ABCD is definitely the way forward to improve or even create communities.Together as a community we can achieve so much more than an outside agency.

Alan George
Alan George
11 years ago

Len, my eye (and ear) was caught by your title ‘An evaluation without numbers’. I was delighted to read on and discover that it was through stories and photos that you chose to work. Even more interesting that the stories were gathered through personal encounters and that people’s unedited stories featured too, (despite the tidying up when one was later featured in the Guardian!) I’m really interested in this process of representing others – a great responsibility, but if done cooperatively it can be a liberating experience for both the story teller and the writer, in a shared community of new understandings.
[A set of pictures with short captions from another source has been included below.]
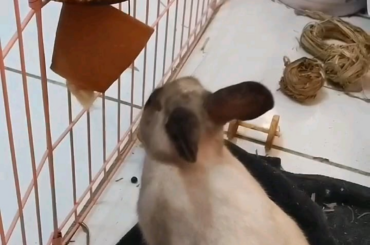 There really is a subreddit for everything. Anyway, here's our one eyed rescue Julia eating her dandelions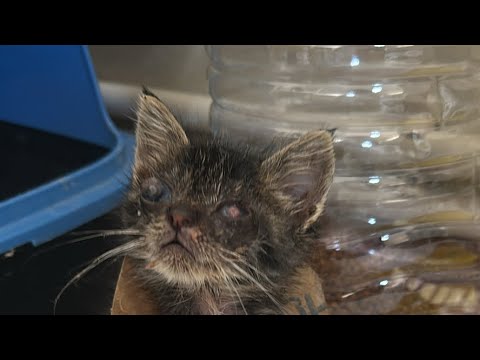 A blind kitten is waiting to be adopted. We need your support to cover the veterinary bill.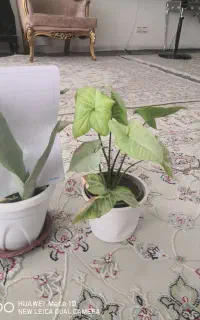 گل طبیعی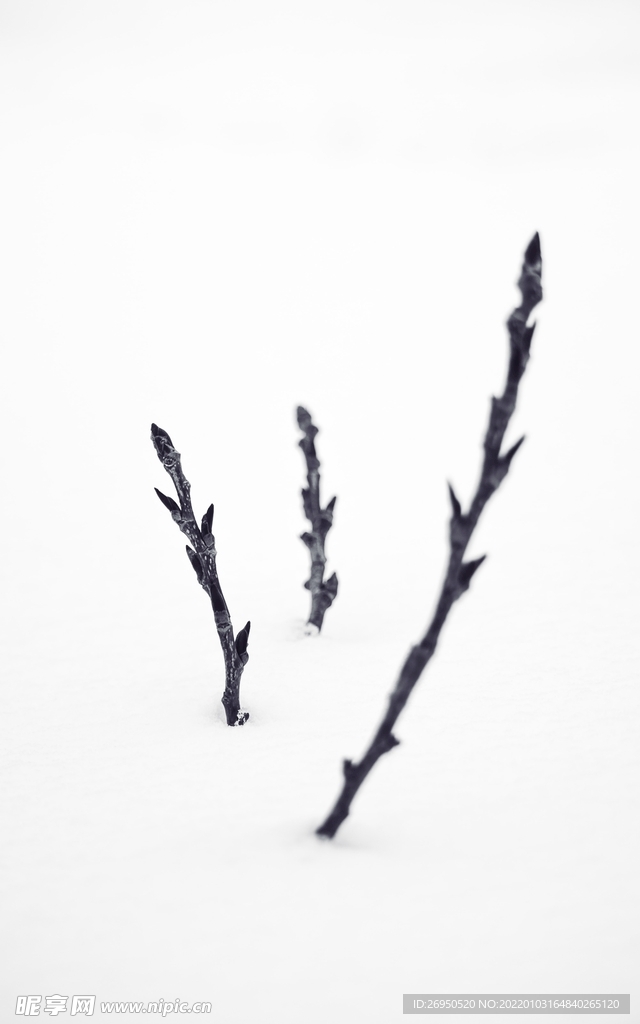 雪景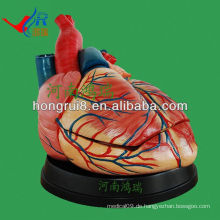 ISO neue Art Jumbo Herz Anatomie Modell, Herz Modell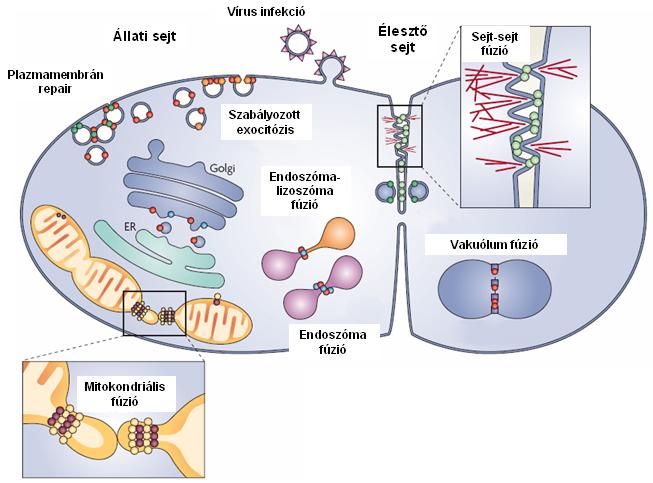 (például a HIV) által indukált sejtfúzió, vagy a C. elegans úgynevezett Anchor sejtjének inváziója és fúziója (Earp és mtsi., 2005; Newman és mtsi., 1996).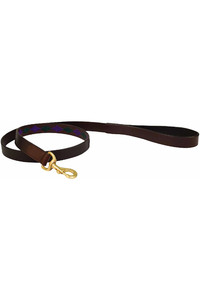 Weatherbeeta Polo Leather Dog Lead - Beaufort Brown / Purple / Teal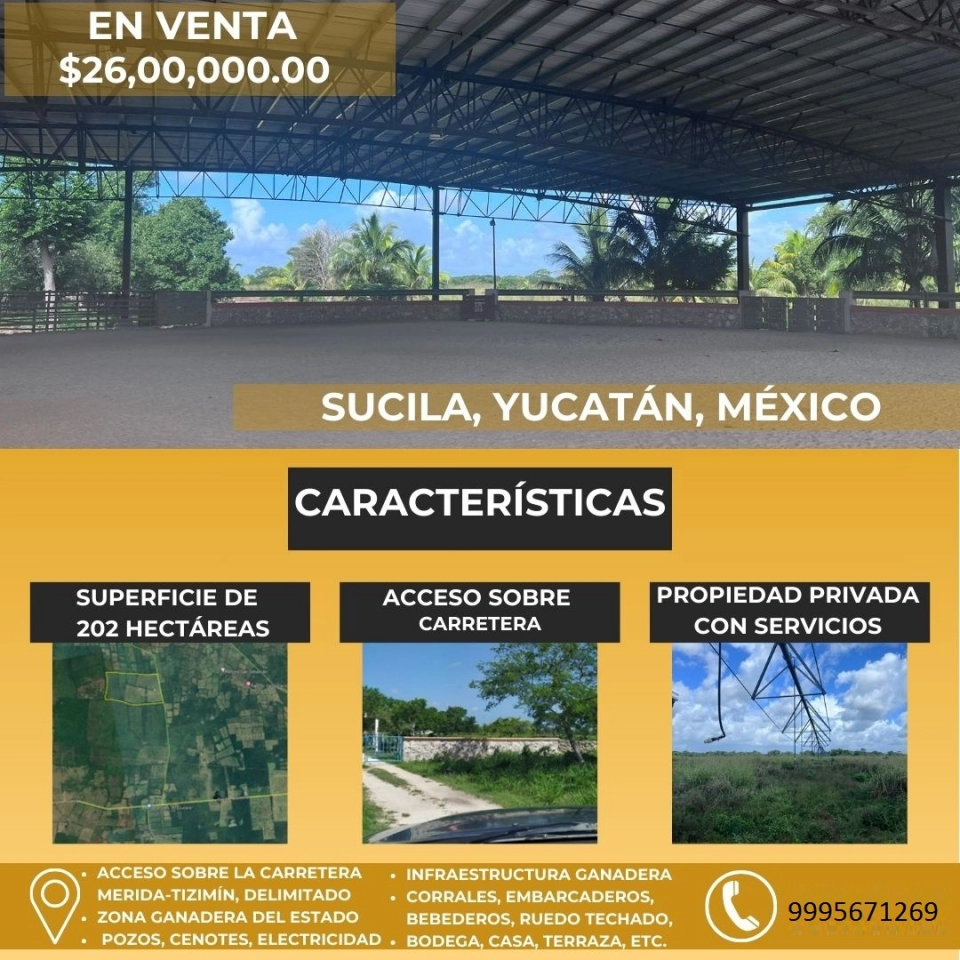 VENTA DE TERRENO EN SUCILA YUCATAN MEXICO 202 HECTAREAS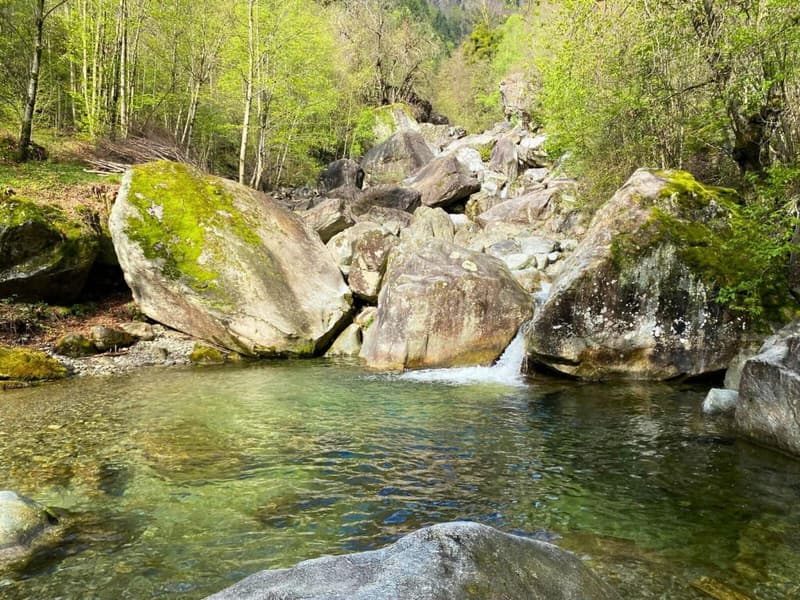 Image 4
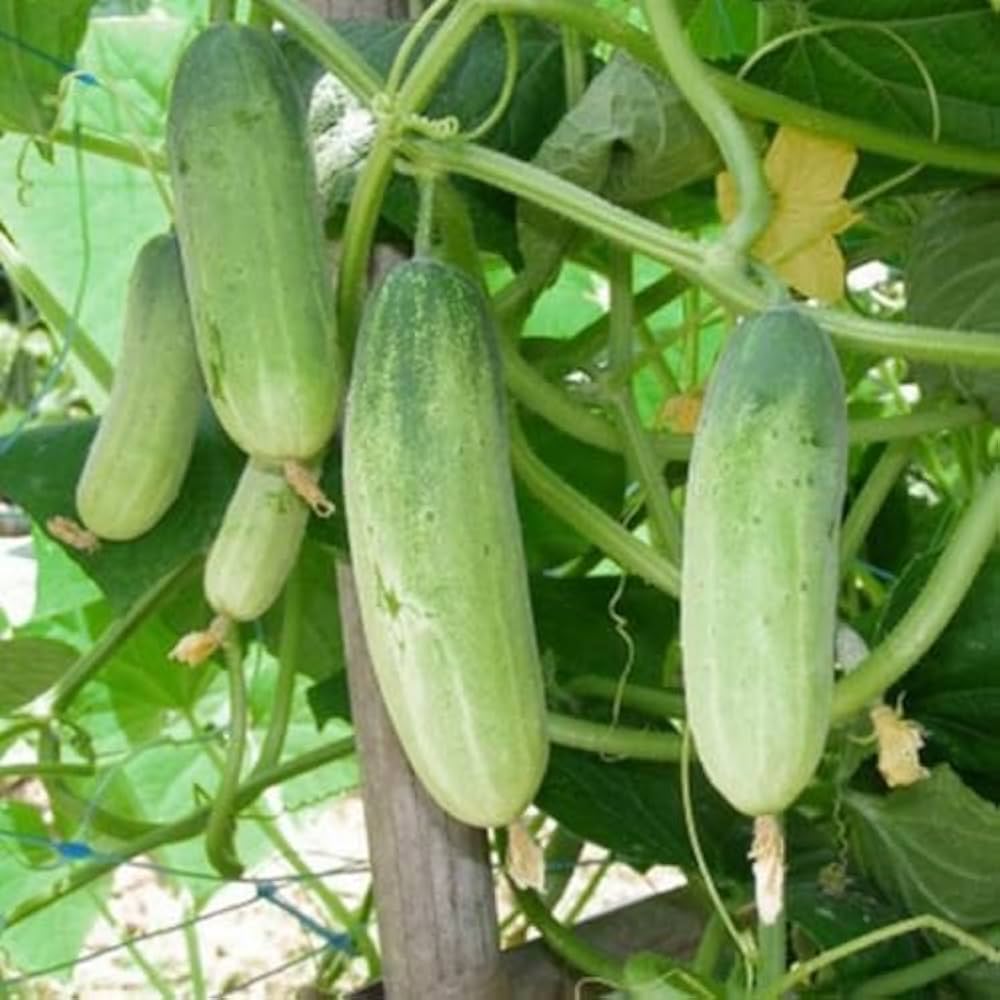 Gurkenpflanzen cucumber pflanzen wachsend in garten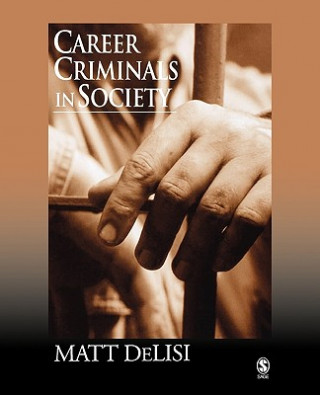 Kniha Career Criminals in Society Matt DeLisi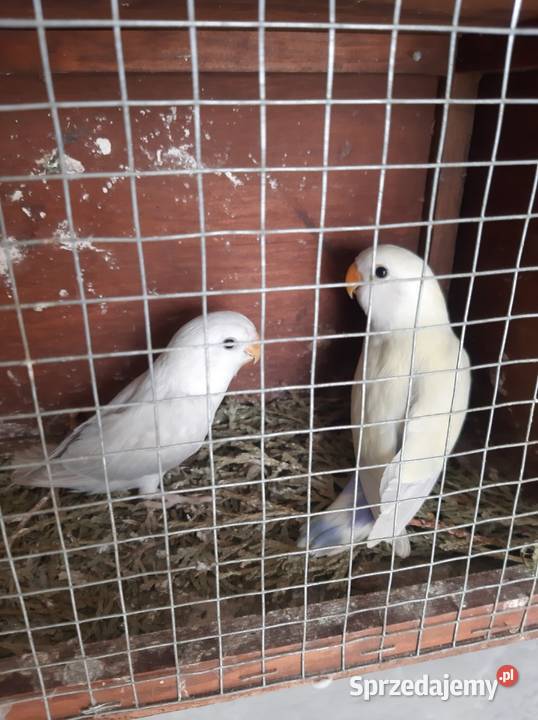 Papugi nierozłączki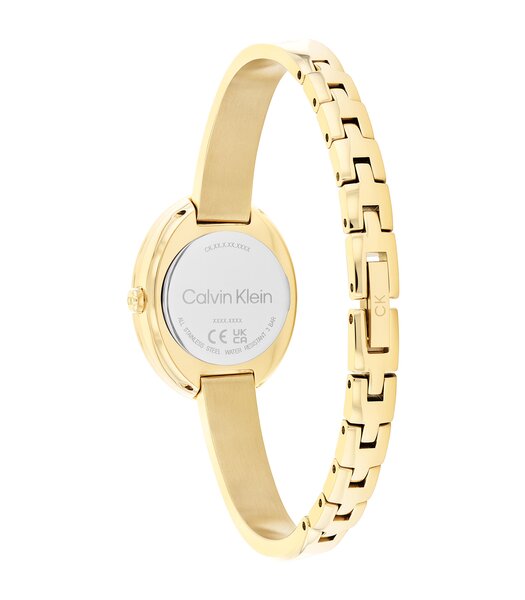 Montre CALVIN KLEIN WATCHES TWISTED BEZEL Femme 25100056 Analogue Cadran MINERAL Or jaune Bracelet Acier Or jaune Etanchéité 3BAR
Doesn’t sound too grand does it? If so, perhaps it’ll spark off another response, another story.

Tracey Annette
Tracey Annette
11 years ago

Looking forward to reading the full version and perhaps getting my hands on a printed copy.
I’m quite a fan of Len’s work.
As a Community Development Worker, now working with older people living in Manchester … I’d champion every opportunity I could that allowed for people to influence and shape services. Better still is the role I get to play in supporting people to shape and deliver services independently (or as independently as possible).
I also applaud the fact that there exists a range of community engagement initiatives and approaches, ABCD being one of them and I’m interested to hear more about how this approach has worked for those with the capacity to take advantage of it.
Congrats to all involved, especially those who invested freely their own time to support their communities.

Gary Loftus
Gary Loftus
10 years ago
Reply to  Tracey Annette

Tracey, great comments, this has been pioneering work in four neighbourhoods of greater Manchester, and the people who are involved are passionate, committed and above all determined to see change in their neighbourhoods. ABCD and other strength based approaches, allow skilful community builders to tap into the skills, talents and assets within the neighbourhood, drawing on the strengths as opposed to focusing on the weaknesses that exist.

Like you I love Len Grant’s work, and I was over the moon when my CEO agreed to commission this piece of work. I knew Len was the right man for the job.

If you fancy a trip out to one of the neighbourhoods where we’ve been working drop me a line and I will arrange for that to happen.

On 8th October I am facilitating an ABCD Workshop for residents of east Manchester, at the new church on Albert Street. I’ll send you the publicity when I’ve finished it today.

Back to the book, have you had chance to read the copy I dropped off for you?